It was no time for the discipline which bids a servant eat of the crumbs from his master's table. For the hour, Kruger Bobs and he were friends, bound upon one and the same errand. With impartial hand, Weldon tore the paper across and divided its contents. He only regretted that convention had forbidden him the trick of smacking his lips in sign of relish. It would have been good to have the ability of Kruger Bobs to give audible token of his appreciation of Paddy's bounty.
Somewhat refreshed, he straightened in his saddle.
"Now be careful, Kruger Bobs. There are Boers in these hills," he warned his companion; "and it would never do for us to be sniped."
Kruger Bobs came close to his side.
"Dutchmans kill Kruger Bobs, no matter; kill Boss, no take despatch. Boss say to Kruger Bobs where de despatch. Kruger Bobs take him to Krugersdorp, if Boss die."

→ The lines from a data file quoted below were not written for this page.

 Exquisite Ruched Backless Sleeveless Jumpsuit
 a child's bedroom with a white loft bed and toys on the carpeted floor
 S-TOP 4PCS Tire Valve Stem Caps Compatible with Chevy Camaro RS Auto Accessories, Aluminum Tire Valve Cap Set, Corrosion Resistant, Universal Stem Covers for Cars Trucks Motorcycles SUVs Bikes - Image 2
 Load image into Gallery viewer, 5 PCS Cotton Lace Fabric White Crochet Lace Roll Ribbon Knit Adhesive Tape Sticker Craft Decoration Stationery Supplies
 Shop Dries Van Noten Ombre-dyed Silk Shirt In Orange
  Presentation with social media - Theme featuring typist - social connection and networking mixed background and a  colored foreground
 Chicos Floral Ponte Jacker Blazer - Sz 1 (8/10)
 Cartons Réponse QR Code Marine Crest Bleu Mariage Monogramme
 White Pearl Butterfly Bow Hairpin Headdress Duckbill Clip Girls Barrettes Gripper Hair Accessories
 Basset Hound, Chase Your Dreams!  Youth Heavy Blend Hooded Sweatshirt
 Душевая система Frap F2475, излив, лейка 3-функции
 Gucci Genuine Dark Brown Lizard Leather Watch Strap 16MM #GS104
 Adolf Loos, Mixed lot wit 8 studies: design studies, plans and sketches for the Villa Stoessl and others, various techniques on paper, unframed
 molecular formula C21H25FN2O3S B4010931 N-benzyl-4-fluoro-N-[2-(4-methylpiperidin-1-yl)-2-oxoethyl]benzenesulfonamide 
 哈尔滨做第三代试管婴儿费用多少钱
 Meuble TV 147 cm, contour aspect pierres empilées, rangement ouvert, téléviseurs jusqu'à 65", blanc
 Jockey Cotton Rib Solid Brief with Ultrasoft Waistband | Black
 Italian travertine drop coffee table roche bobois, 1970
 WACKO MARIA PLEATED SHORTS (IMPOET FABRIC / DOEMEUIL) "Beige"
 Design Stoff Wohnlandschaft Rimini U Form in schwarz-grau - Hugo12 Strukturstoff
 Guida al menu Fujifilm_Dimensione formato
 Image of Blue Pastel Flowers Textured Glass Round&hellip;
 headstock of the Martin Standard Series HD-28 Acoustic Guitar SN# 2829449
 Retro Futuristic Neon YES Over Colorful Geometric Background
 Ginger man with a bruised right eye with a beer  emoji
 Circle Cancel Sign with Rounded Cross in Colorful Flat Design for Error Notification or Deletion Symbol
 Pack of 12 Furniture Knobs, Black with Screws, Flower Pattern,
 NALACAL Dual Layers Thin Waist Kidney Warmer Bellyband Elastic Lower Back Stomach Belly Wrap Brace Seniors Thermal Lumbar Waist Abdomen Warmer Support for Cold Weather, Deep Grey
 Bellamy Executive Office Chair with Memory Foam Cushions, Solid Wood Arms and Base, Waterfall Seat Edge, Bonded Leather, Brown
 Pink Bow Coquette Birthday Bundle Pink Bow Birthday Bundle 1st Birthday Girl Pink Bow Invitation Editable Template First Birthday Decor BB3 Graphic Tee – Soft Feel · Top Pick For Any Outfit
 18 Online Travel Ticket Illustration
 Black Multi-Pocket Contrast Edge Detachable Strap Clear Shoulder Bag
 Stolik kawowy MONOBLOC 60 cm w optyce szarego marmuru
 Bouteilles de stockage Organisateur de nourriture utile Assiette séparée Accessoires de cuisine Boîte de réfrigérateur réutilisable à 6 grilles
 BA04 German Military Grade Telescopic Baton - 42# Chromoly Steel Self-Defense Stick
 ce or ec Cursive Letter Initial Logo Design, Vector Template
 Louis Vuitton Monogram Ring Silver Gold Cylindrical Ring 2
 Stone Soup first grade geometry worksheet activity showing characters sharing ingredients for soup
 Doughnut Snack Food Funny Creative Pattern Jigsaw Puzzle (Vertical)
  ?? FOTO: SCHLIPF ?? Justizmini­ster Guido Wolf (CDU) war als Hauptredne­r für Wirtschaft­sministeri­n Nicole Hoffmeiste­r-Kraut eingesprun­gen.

And Weldon shivered a little, as the silence dropped again.
The ridges were steeper now, and came in more swift succession, as the horsemen plodded wearily along the southern slope of the Rand. Piggie was breathing heavily; and Weldon, clinging to his saddle with the purely mechanical grip of the exhausted rider, halted again and again to rest the plucky little animal whose best was always his for the asking. Of his own condition he took no heed. It was all in the game. He would play the game out as long as he could; but his last move should be, as his first had been, strictly according to rule. Meanwhile, for two facts he was at a loss to account. Dawning was still hours distant. Nevertheless, the darkness before him was blotted and blurred with alternating waves of blue and gray. The veldt was empty; yet, above the roar of the rain around him, an odd purring sound was in his ears. Then everything lost itself in his determination not to allow the saddle to slip from between his tired knees.
He roused himself at the challenging voice of a picket.